First, scale is the mechanism. The IRA's social proof operations were not primarily effective because they created compelling false content; much of the content was fairly ordinary political material. They were effective because of scale — the sheer volume of accounts, followers, and engagement they could generate created the appearance of widespread organic sentiment that individual account evaluation would not produce. A single IRA account is not convincing. A network of thousands of IRA accounts that have together accumulated millions of followers, and that coordinate to create trending topics, is a plausible simulation of a genuine popular movement.

Second, source concealment is the architecture. Every element of the IRA's social proof operations depended on concealment of origin. Remove the concealment and the social proof value collapses: a Kremlin-funded page called "Blacktivist" that discloses its origin would not accumulate 360,000 American followers or function as a social proof signal for Black American community opinion. The entire edifice is contingent on the audience not knowing what it is looking at.

Third, the damage to epistemic infrastructure outlasts the operation. Once it became widely known that IRA-operated pages had infiltrated Black American, Muslim American, and conservative social media communities, the knowledge that any apparently community-based page might be foreign-operated made it harder to trust genuine community pages. The IRA's operations produced a "liar's dividend" in the social proof domain: even authentic community organizations faced increased skepticism, because the existence of sophisticated fakes made the authenticity of any specific organization harder to verify. This epistemic contamination effect — distrust spreading beyond the actual contaminated material to undermine trust in the whole domain — is among the most enduring harms of large-scale manufactured social proof operations.


Discussion Questions

  1. The IRA operated separate departments for different American demographic communities, with different cultural style guides for each. What does this organizational structure tell us about the IRA's understanding of how social proof functions differently across distinct communities?

  2. The Senate Intelligence Committee found that Blacktivist had more followers than the official Black Lives Matter page by late 2016. What are the implications of this finding for how we understand the relationship between manufactured and genuine community social proof online?

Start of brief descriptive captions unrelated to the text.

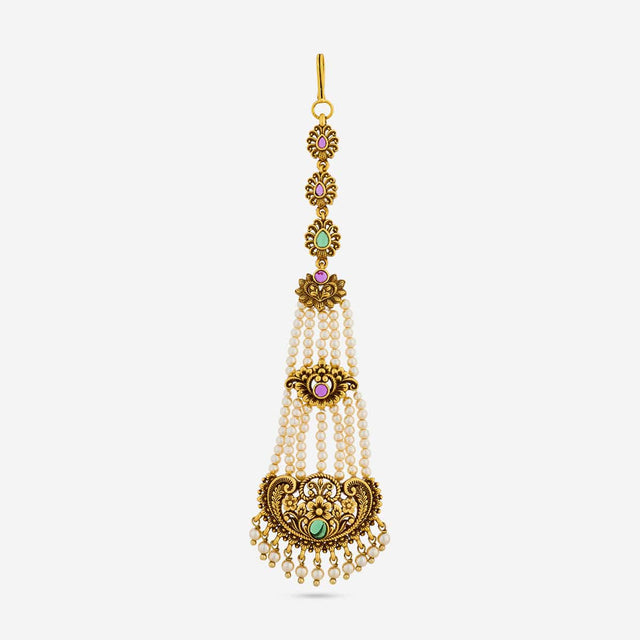 Antique Tikka Antique Tikka 187995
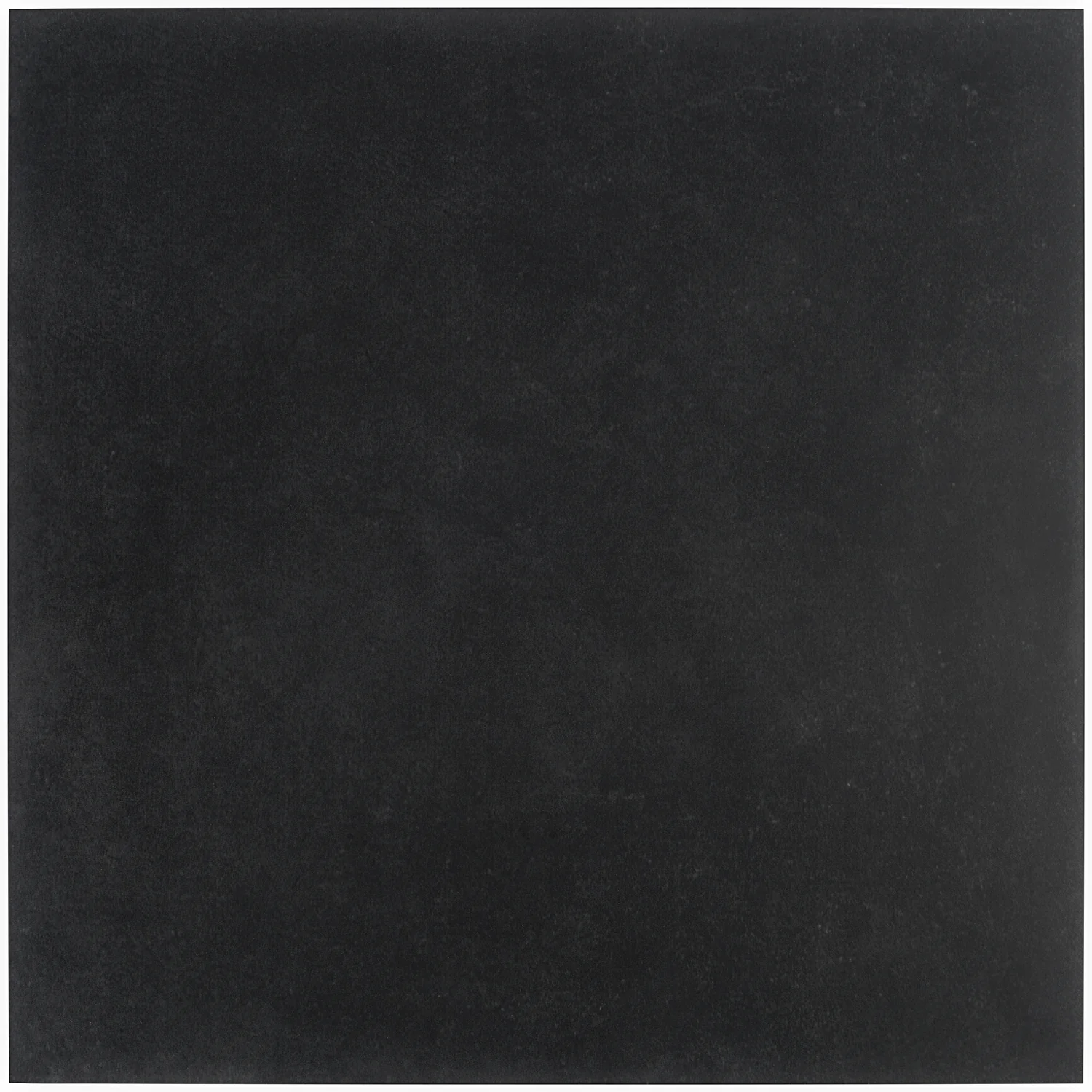 Lines Black Matte Porcelain Tile 24x24 - Lux Tile - Image 6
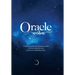 Oracle Wisdom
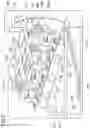 Fig. 08 - Image forming apparatus controlling development contrast according to temperature, humidity and peripheral velocity ratio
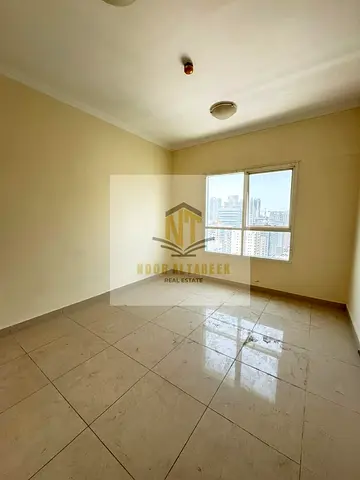 3BR + Hall | Master Room | Maid’s Room | Free Parking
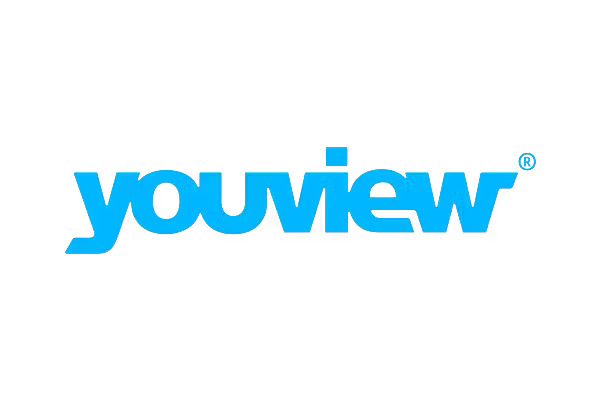 Youview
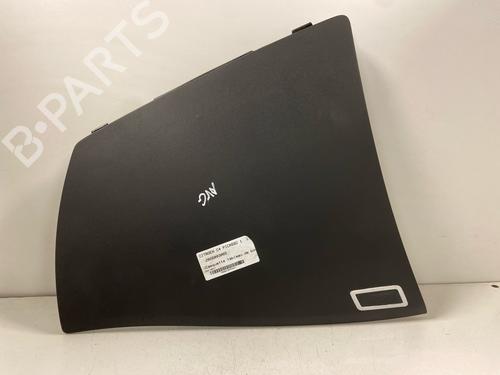 Used Other Other 38605174 38605174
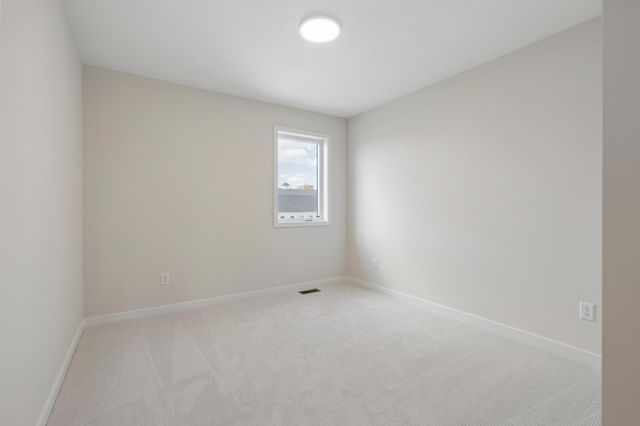 16905 Draft Horse Boulevard, Lakeville, MN 55044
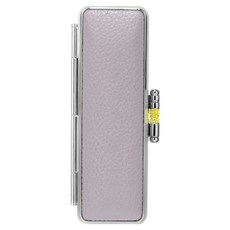 엘라라 모던 도장 케이스, 퍼플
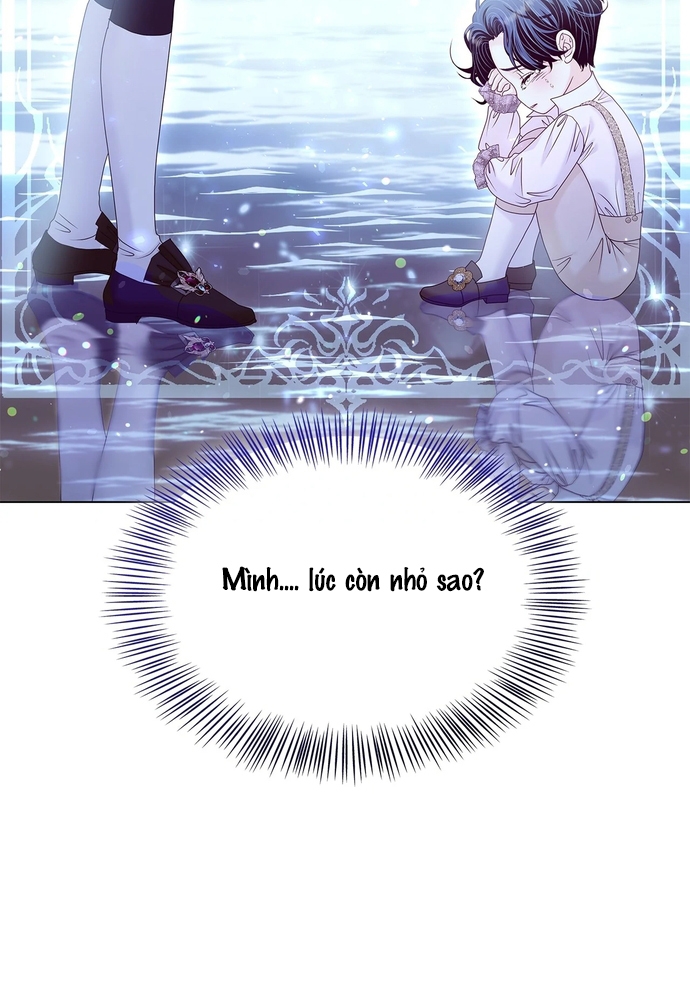 Nữ Phản Diện Thuần Phục Ác Ma Điên Loạn Chapter 46 - Trang 2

  3. The IRA's apparent goal was not primarily electoral persuasion but destabilization of institutional trust and amplification of existing divisions. Why might manufactured social proof be particularly well-suited to a destabilization objective compared to a persuasion objective?

  4. Professor Marcus Webb, who covered influence operations as an investigative journalist before entering academia, observes that "the most dangerous disinformation attaches itself to real grievances." Apply this observation to the IRA's Blacktivist operation: what real grievances did it exploit, and what are the implications for distinguishing genuine community advocacy from manufactured community advocacy?

  5. The "liar's dividend" — increased general skepticism about online community authenticity as a consequence of discovering widespread manipulation — could have significant effects on genuine civic and political organizing online. How should genuine community organizations respond to this environment? What steps could they take to establish authenticity in a context where authenticity is contested?


Case Study 9.2 is paired with Case Study 9.1 (Tobacco Industry Astroturfing). For the full historical analysis of the IRA's operations, see Chapter 24 (Digital Disinformation: The 2016–2020 Campaigns). For the platform architecture that enables these operations, see Chapters 16 and 17.